The thing I like the most about this approach is that it really forces you think about the changes you plan to apply to your components before you start implementing them. In addition, these choices reflect the trade-offs in the various diffing algorithms which are implicit in some virtual DOM implementations. For example, "should I use an IMap or an IArray?" is similar to choosing between keyed and non-keyed implementations.
Conclusion
Incremental lambda calculus solves the problems with the virtual DOM which I outlined in my previous blog post. Specifically, we keep the clear denotation that the virtual DOM gives us - our components are still just functions, but now incremental functions - and we simplify the operational semantics by omitting the diffing step required by the virtual DOM, and instead propagate changes directly.

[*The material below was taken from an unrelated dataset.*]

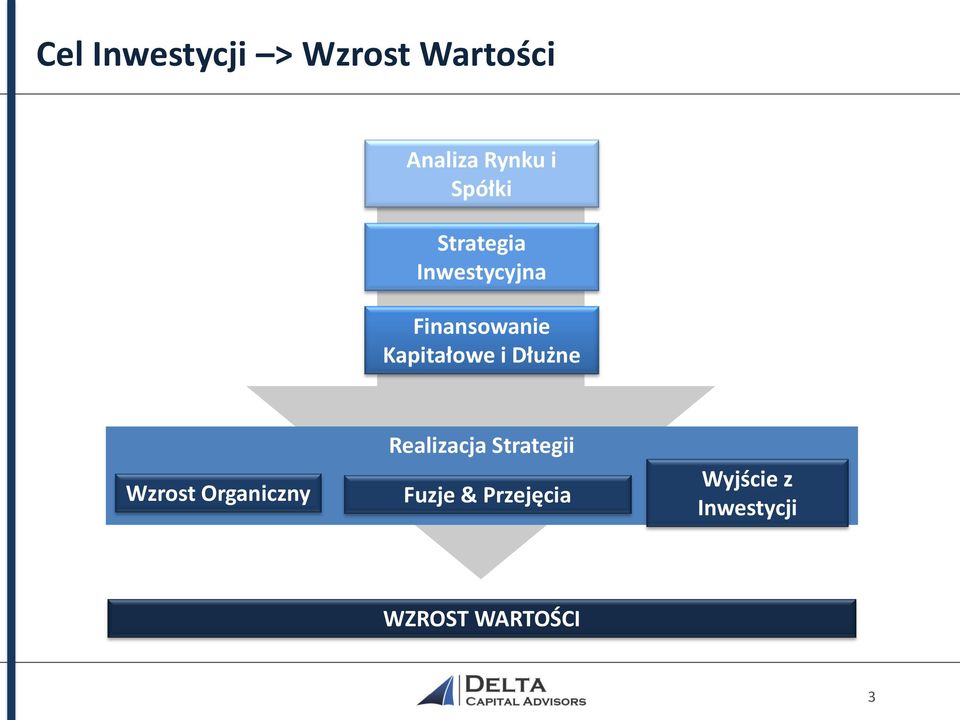 Kapitałowe i Dłużne Wzrost Organiczny Realizacja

It also solves the problems with the "static DOM" approach that I listed above. Specifically:
- There is no inherent performance penalty associated with random access to incremental arrays.
- We don't need an event system at all, so there is no explosion of events.
- Most interestingly, we don't need to materialize an entire model in order to apply a small change. We only deal with changes, and those changes are plain old data structures which can be easily sent over the network, allowing us to decouple view logic from view rendering.
In practice, this approach takes some getting used to if you are already used to a virtual DOM approach, but the fact that we're dealing with plain old functions makes it simple enough to get started and build real components.